Within the bill are several important measures aimed at increasing our energy security, encouraging investment that will create new green jobs and start to addresss climate change. Given the last eight years of inaction on these fronts, Warm Home Cool Planet is hoping that this spending–which adds up to just under $100 billion of the $815 billion approved–will prove to any doubters that the interests of business and the environment can be mutual. Indeed, it would be impossible for one to have much of a future without the other.

As with all things political nothing is settled until the ink is dry on President Obama’s signature. There are some significant differences between the Senate Stimulus bill and the one passed by the House last month. Here’s the breakdown on energy spending for the respective bills. How those differences are resolved will decide how good the Stimulus Package is for our economy–and our planet.

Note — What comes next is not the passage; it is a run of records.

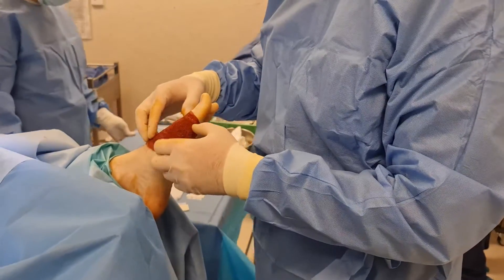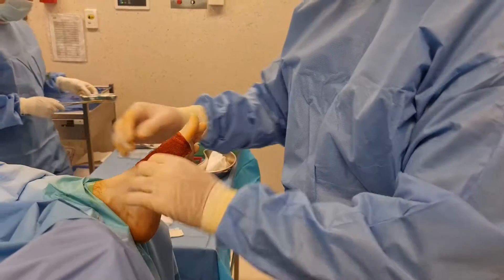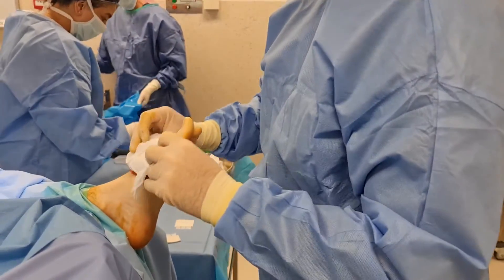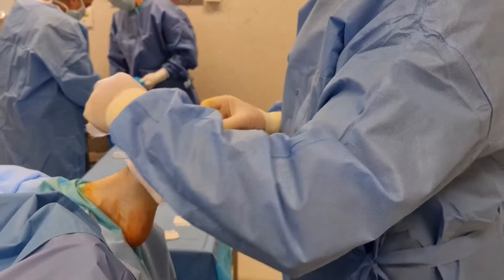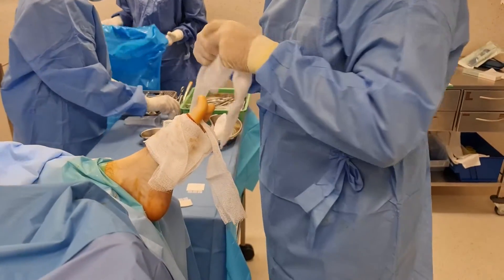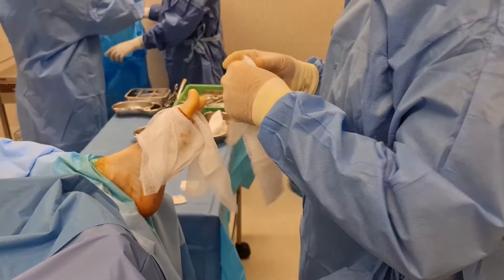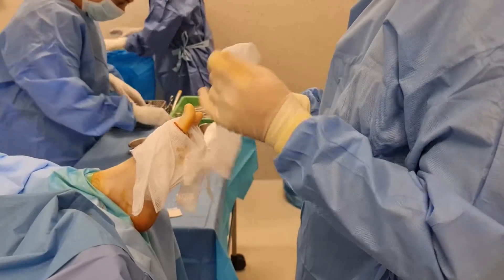Hi all. Recently I was introduced to the Recovery RX pain relief unit for relief of post-operative pain and subsequent bruising and swelling. The patient in this video had a first metatarsophalangeal joint decompression osteotomy for Hallux Rigidus. I had Charles, a podiatric colleague who now works for LMT Surgical, go through its use and application.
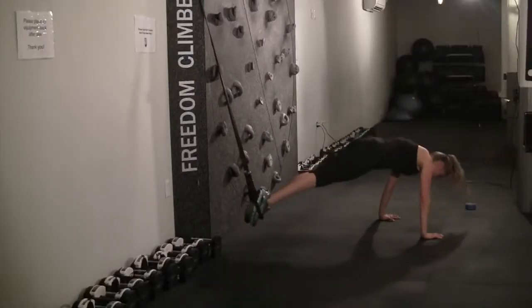That's the Freedom Climber. Honestly, can you imagine something more perfect in such a small space? Check it out and tell them the Fitness Guru sent you.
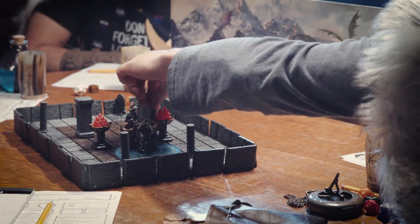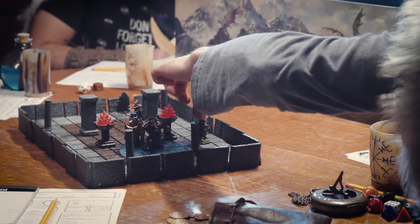We made Epoch Tiles for anybody who plays tabletop games, from beginners to experienced players. We don't want to limit people's creativity — we want to help them get it from their mind onto a table as quickly and easily as possible.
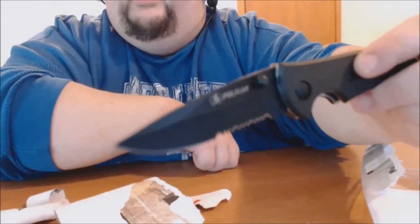Still having some focusing issues with the camera, but it's got a safety lock so you can't close it unless you push it in and close it. So yeah, this will be my unboxing knife from now on.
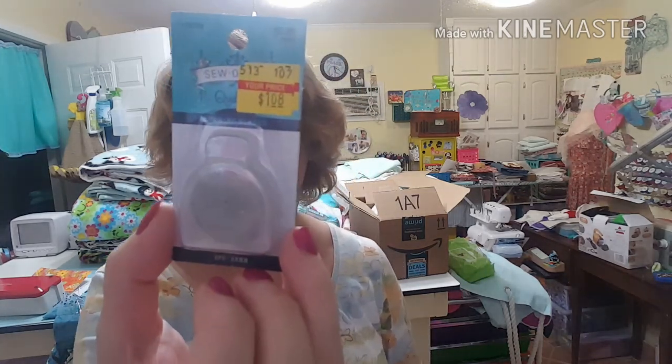They had fat quarters half price so I got some — all a dollar each. I also got scoring blades for my rotary cutter, 28 millimeter — I got two of them for $1.08, regularly $5.99. The fat quarters are all so pretty: owls, ladybugs, flowers, birdhouses — it was hard to decide which ones to get.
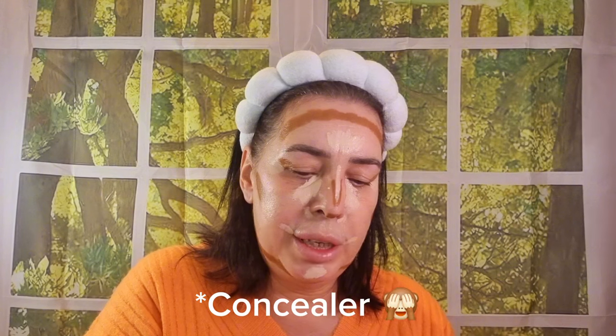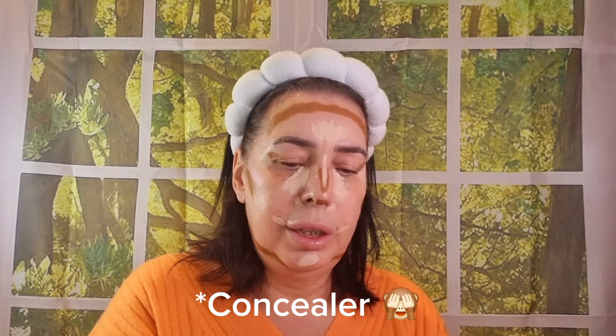Next is cream blusher. I'm going to use the P Louise blush today. The She She Glam one is a little bit pale, so I'm going in with this one — it's in the shade Legally Pink. It's a really nice baby pink. I'm just going to put that between the contour and the foundation — just squeeze a little bit into the sponge.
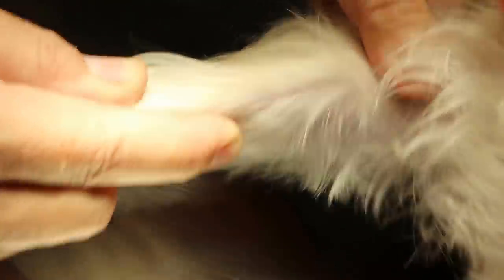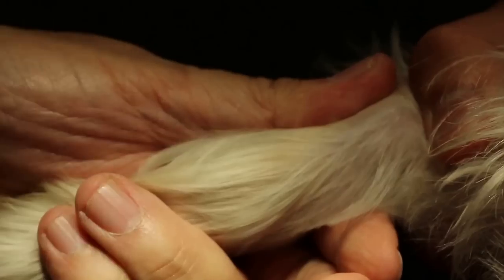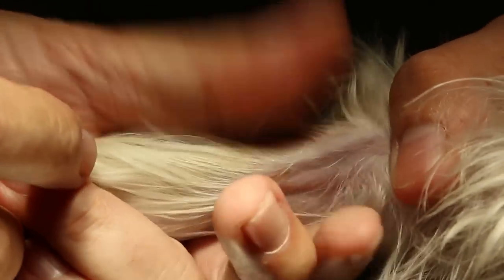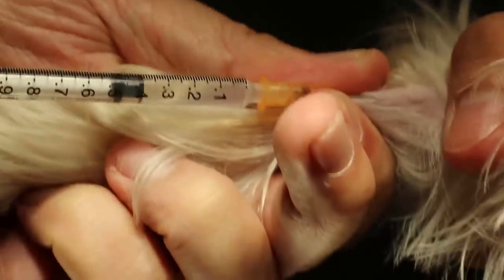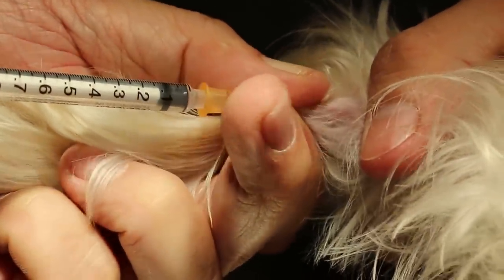Normally the assistant holds behind the elbow and presses here so that the vein is quite obvious. The assistant is good — this vein won't be moving because of this thumb fixed onto it. I'll give a slight sedation: Dormitor plus ketamine, 0.04 plus 0.04. Okay, IV in. Press it so that it won't bleed. Let go already — I expect the dog will sleep within one minute.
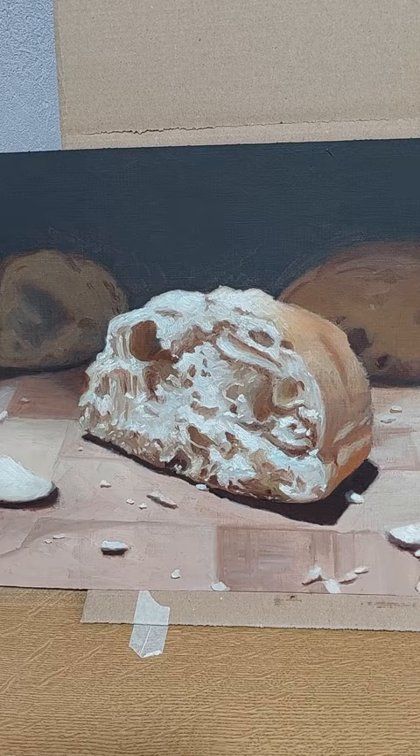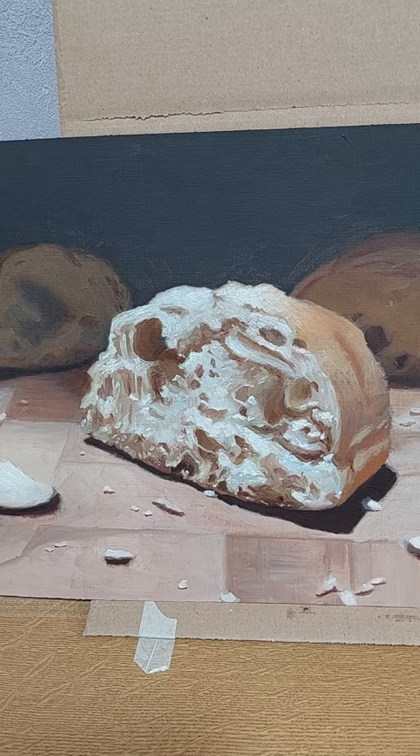I might just do another painting of a piece of bread in a month or two — who knows — and then I can compare the growth.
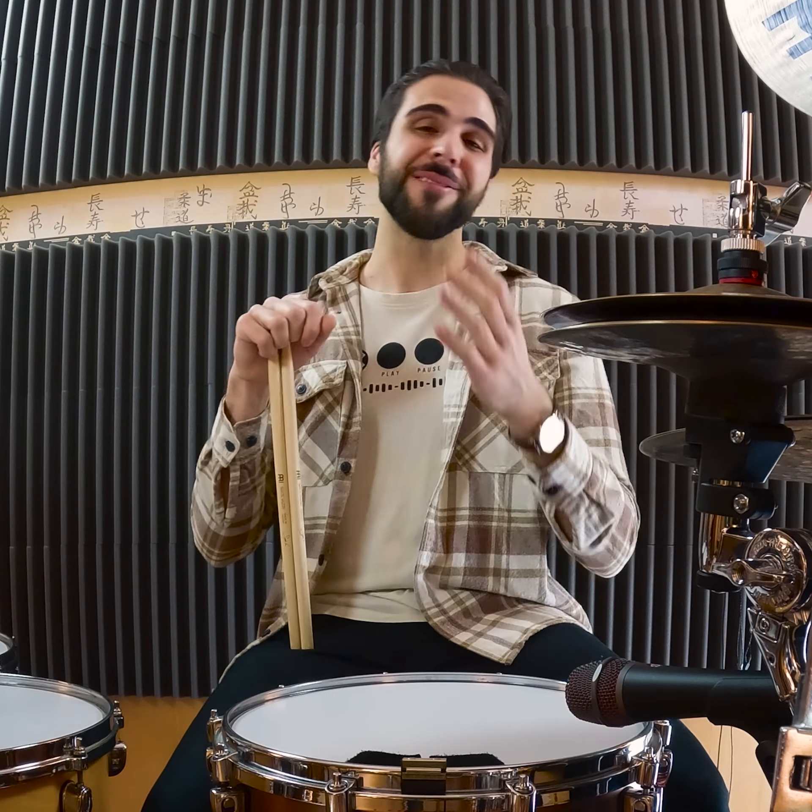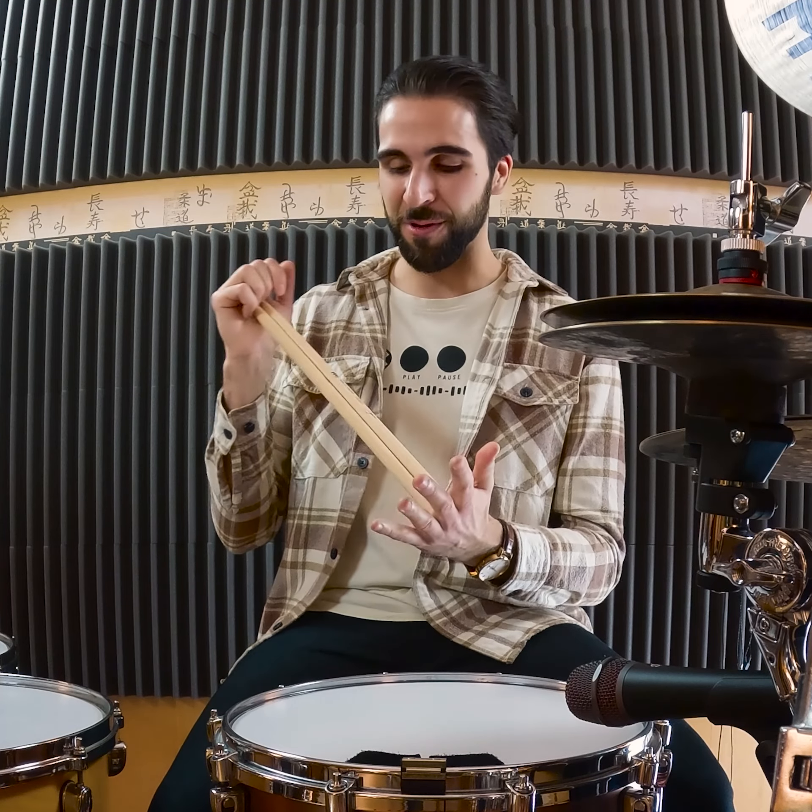Hey everyone, hope you're all doing well. This is Ciro Vasiri and I'm here to show you my brand new signature stick with Meinl Stick and Brush. This is a really cool stick and I'm very excited with how this turned out. I hope you guys will enjoy it.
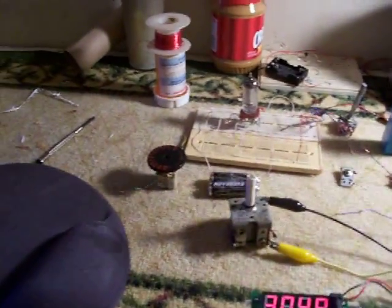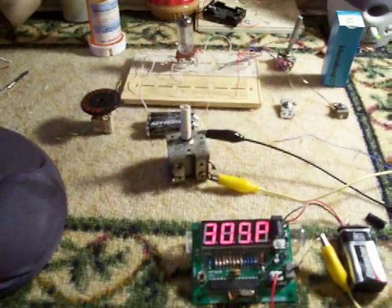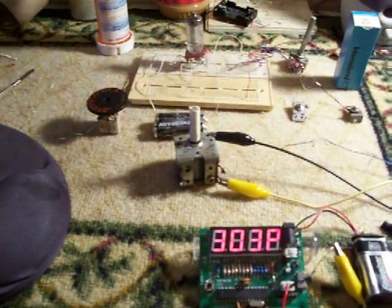Hello again. This video will be centered around how to build your one vacuum tube shortwave radio.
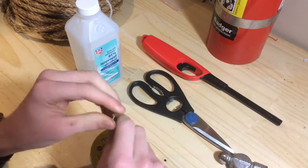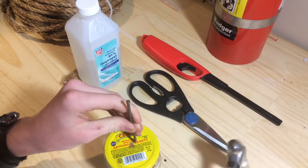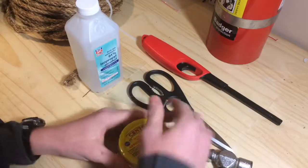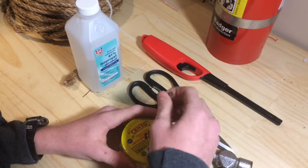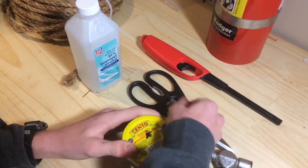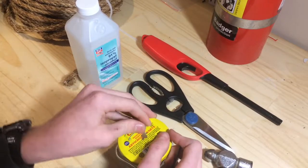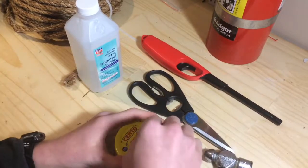Probably like one more hole right here and it will be good. And there you go. Alright, seems like it's a big enough hole.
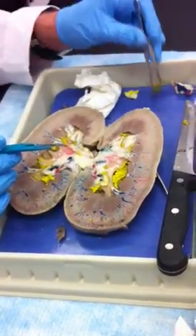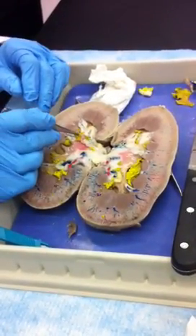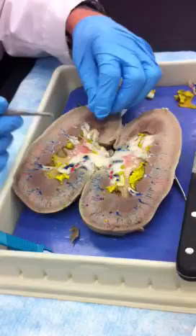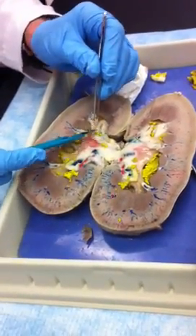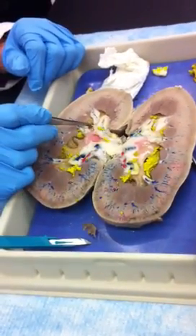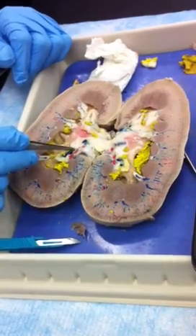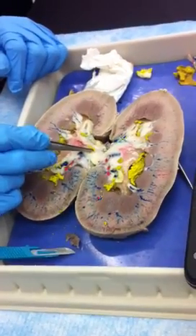I'll just cut that off right there because we'll see the ureter going out. This is actually a minor calyx right there. The latex pretty much made a cast of that space. The minor calyx is the papilla, pyramid. This is a major calyx because it's quite large and collecting from different areas. There's the pelvis, and the ureter.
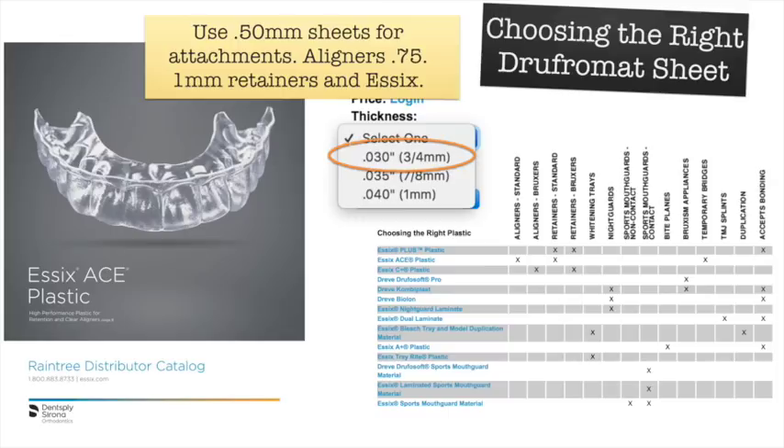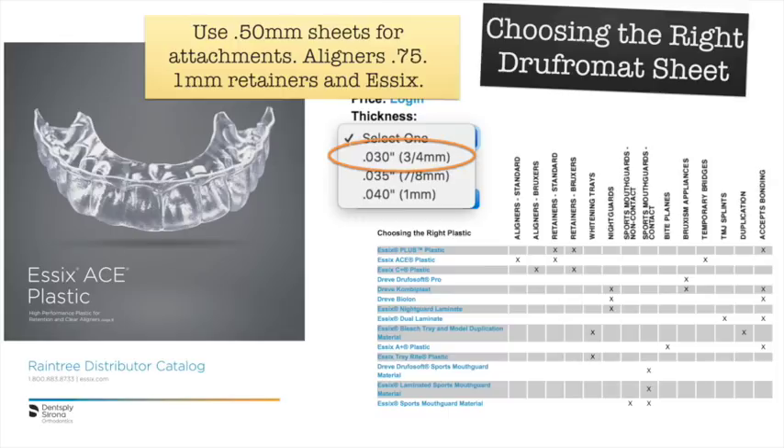For materials, I use the Essex Ace. One pet peeve is that the thinnest it comes in is 0.75mm, which I use for actual aligners. For retention at the end of the case, I use 1mm sheets. For the attachments themselves, I use a 0.5mm sheet purchased from Great Lakes Ortho — just ask them for the 0.5mm pressure-form sheet.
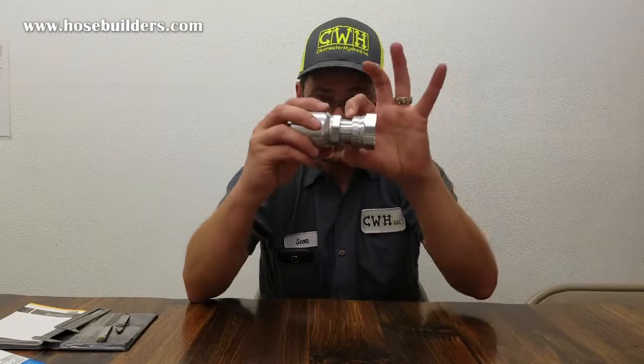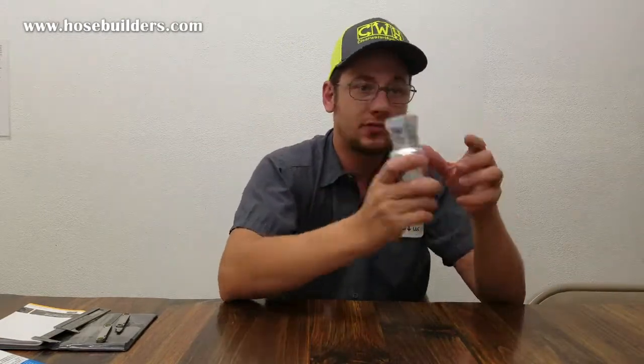O-ring face is also known by the SAE standard J1453. It comes in eight different sizes, ranging from quarter inch to inch and a half, which by dash sizes is dash four through dash twenty four. The size is based on the tube size, so one inch tube for a one inch fitting.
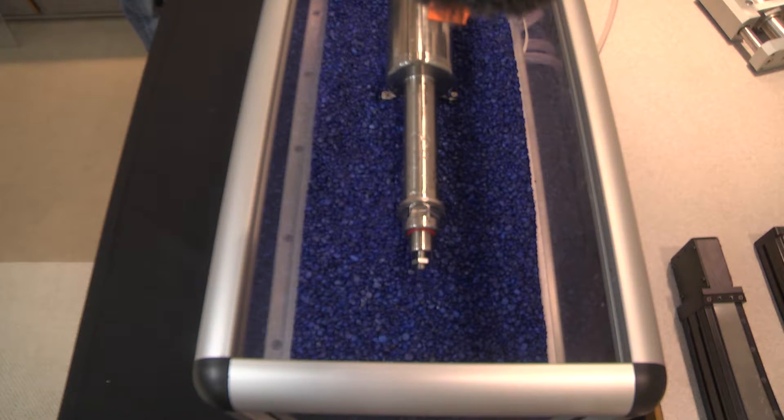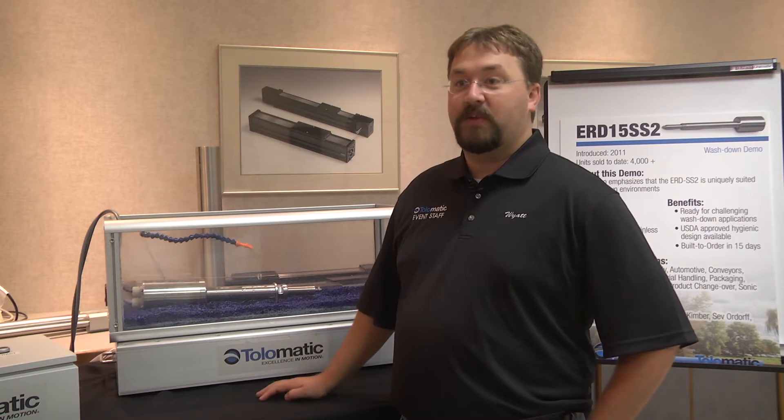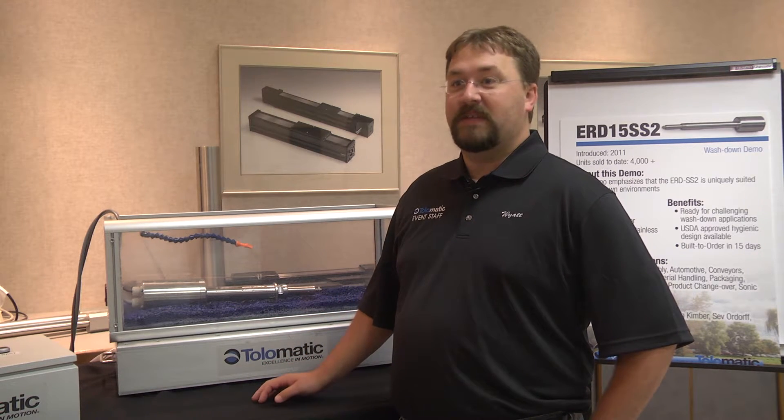The ERD being round is made so the water or contaminants just come off. There's no hidden spots, no nooks or crannies or crevices that food or water could sit on. ERD is a standard product, a catalog product, 15 days to delivery.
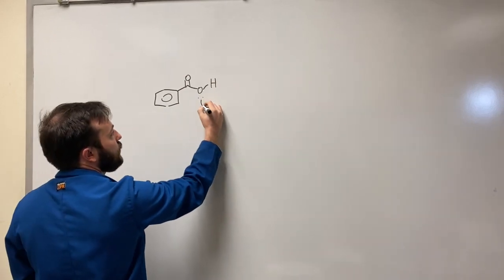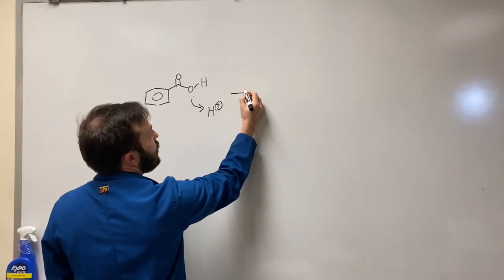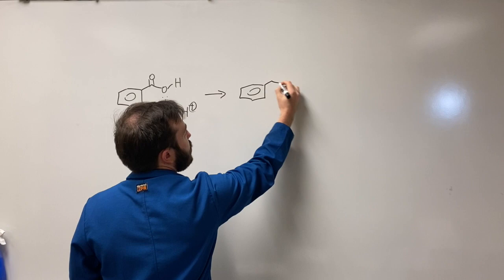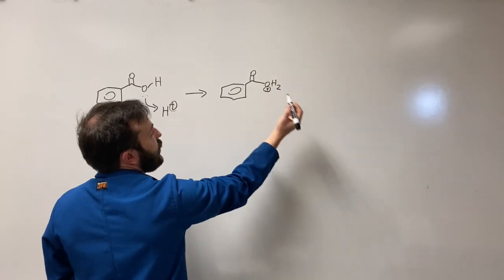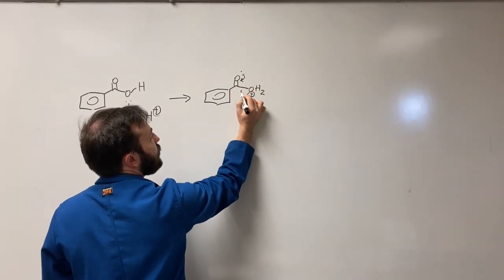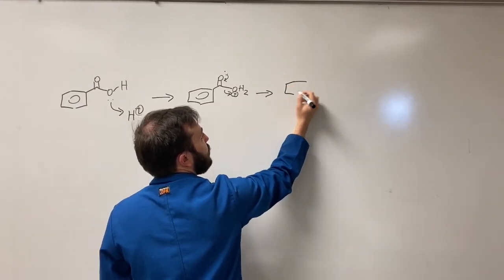Benzoic acid is protonated by the acid from polyphosphoric acid to form this protonated intermediate. Since water is formed, it is kicked off to form the oxo-carbenium.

The President has already made his feelings known on energy efficiency provisions within the bill. From yesterday’s press conference on the Stimulus package:

“When people suggest that, ‘What a waste of money to make federal buildings more energy-efficient.’ Why would that be a waste of money?

We’re creating jobs immediately by retrofitting these buildings or weatherizing 2 million Americans’ homes, as was called for in the package… that right there creates economic stimulus. We are saving taxpayers when it comes to federal buildings potentially $2 billion. In the case of homeowners, they will see more money in their pockets… we’re reducing our dependence on foreign oil in the Middle East. Why wouldn’t we want to make that kind of investment?

Warm Home Cool Planet encourages you to contact your local members of Congress and make your voice heard. Here in Cambridge, our House member is Michael Capuano, the former mayor of Somerville.

To find your local member/s, go here and type in your zip code.

31 Billion Down Payment On New Energy Future Passes Senate

PVA Array

As part of the Obama administration’s Economic Recovery Plan, the Senate Finance Committee today passed 31 billion in tax breaks and other incentives to boost alternative  supplies and promote energy savings. Warm Home Cool Planet feels this is a step in the right direction.

When compared to the estimated 97 to 215 billion spent per year in military expenses needed to secure oil and natural gas reserves around the globe, though, that 31 billion seems more modest. Some of the things the money will go toward include:

  • Doubling the number of plug-in electric vehicles eligible for a purchaser’s tax credit to 500,000.
  • Increase the tax credit for service stations that install pumps that dispense alternative energy fuels.
  • Give homeowners a tax credit equal to 30 percent (capped at $1,500) of the amount they paid for energy savings improvements.
  • Authorize $1.6 billion in new clean renewable energy bonds to finance facilities that generate electricity from wind, biomass, geothermal, small irrigation, hydropower, landfill gas, ocean currents and trash burning.
  • Allow states to issue $2.4 billion in conservation tax credit bonds to finance loans and grants to individual homeowners to retrofit existing housing.
  • Provide individuals with a 30 percent uncapped tax credit for buying solar water heating property, small wind energy property and geothermal heat pumps.

The Democratic-controlled Congress hopes to work out differences between the Senate and House economic stimulus bills and have a final package on Obama’s desk for his signature into law by February 16.